[EXTRACTED MATERIAL]

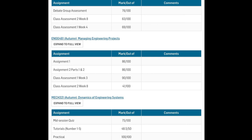75 which is a distinction, 48.5 out of 50 which is a HD, 100% which is HD. As you can see this strategy, this way of studying definitely works.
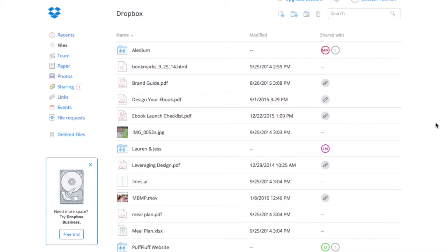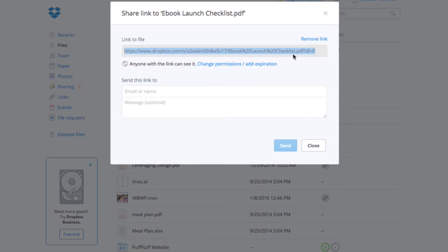I've created my free download and uploaded it to Dropbox so that it's really easy for my subscribers to grab their free download once they subscribe to my email list. I'm just going to click this share button right here and copy this link — we'll need it to put it into our Mailchimp confirmation emails.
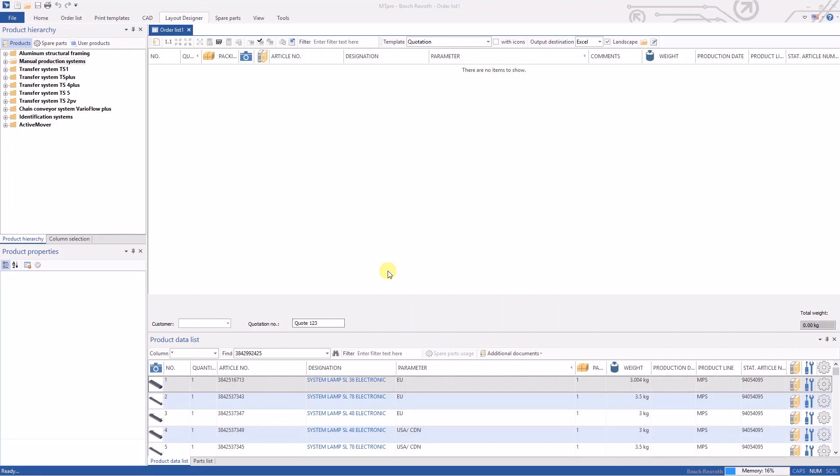Hi, welcome to video number two in a series of training videos for MT Pro software. In this video we are going to explain the details behind the layout designer portion of MT Pro.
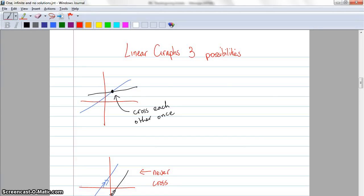G'day and welcome to part three of the systems of linear equations. The first one was looking at matrices as a way of showing linear equations. The second one was solving linear equations using matrices. The third one is looking at the three types of possibilities you can get with linear graphs.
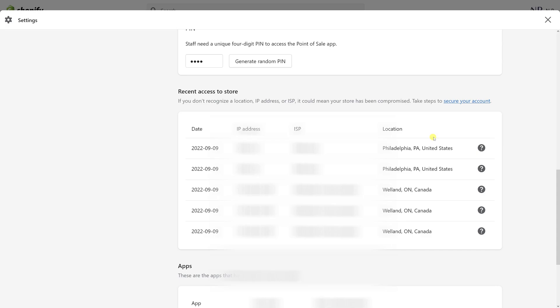That's where you check the IP addresses. I hope you found this short tutorial useful, and for more tutorials, be sure to subscribe to my channel. Thank you.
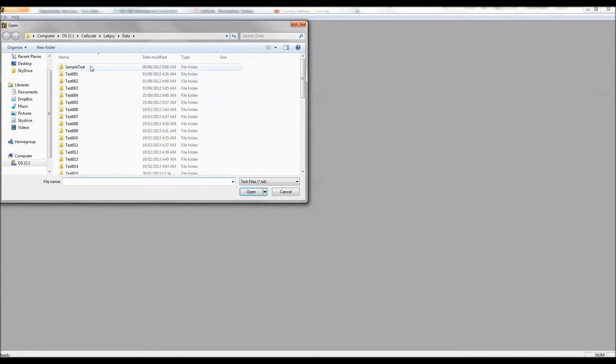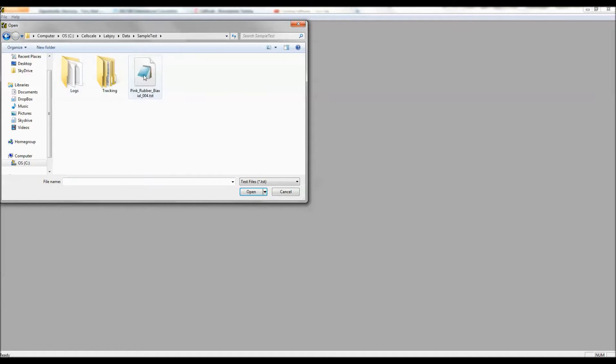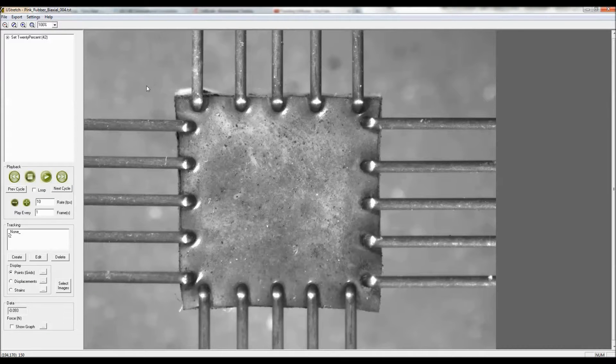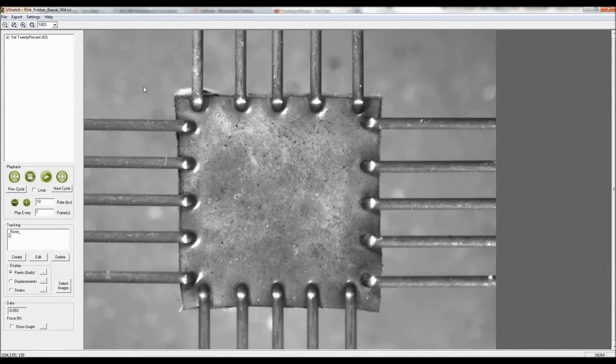First thing I'll do with this demonstration is pull open a set of test data using the analyze and review feature, and I have a test here that was done on a six millimeter by six millimeter piece of rubber.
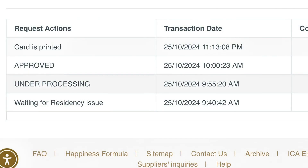You will be able to see whether your ID is under process, whether it has been printed, or whether it's ready for delivery. The link in the description will land you directly on the ID status tracking page. That is how you check your ID status online using the ICP Smart Services website.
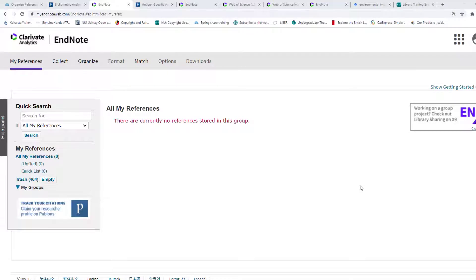There are a number of different methods to add references to your EndNote Online Library. Let's start by exporting references from the GMIT Library Search and Find function.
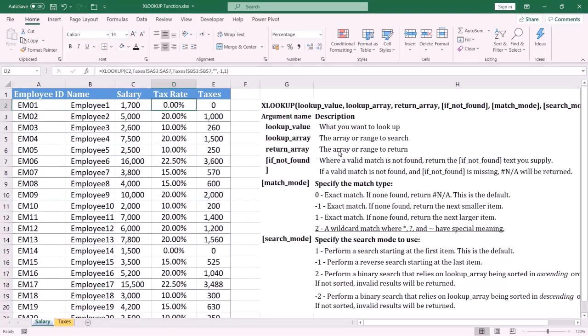Welcome everybody, my name is Ola Al-Husseini. In this tutorial I am going to show you how to use XLOOKUP to evaluate multiple conditions. In this example we have the salaries for each employee and I want to retrieve the tax rate for each salary to calculate the taxes for each employee.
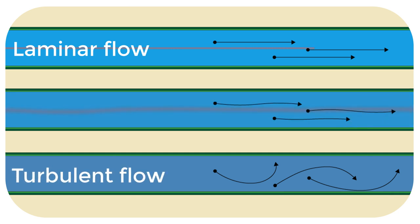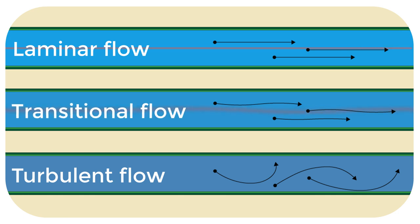In the middle hose, water flow is somewhere between laminar and turbulent flow. We call this transitional flow.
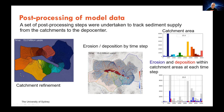This middle map here is another post-processed output. With Badlands, it normally outputs cumulative erosion and deposition. This is an interval erosion and deposition — so it's the erosion over a 100,000 year time step, and deposition as well.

[/EXTRACTED MATERIAL]

■ ACTION ITEM: In the records above, the lines from the one containing "There are a" through the last line are to be written out exactly, both ends included and pictures omitted.

■ RESPONSE TO THE EXERCISE:
There are a number of different methods to add references to your EndNote Online Library. Let's start by exporting references from the GMIT Library Search and Find function.
Welcome everybody, my name is Ola Al-Husseini. In this tutorial I am going to show you how to use XLOOKUP to evaluate multiple conditions. In this example we have the salaries for each employee and I want to retrieve the tax rate for each salary to calculate the taxes for each employee.
In the middle hose, water flow is somewhere between laminar and turbulent flow. We call this transitional flow.
This middle map here is another post-processed output. With Badlands, it normally outputs cumulative erosion and deposition. This is an interval erosion and deposition — so it's the erosion over a 100,000 year time step, and deposition as well.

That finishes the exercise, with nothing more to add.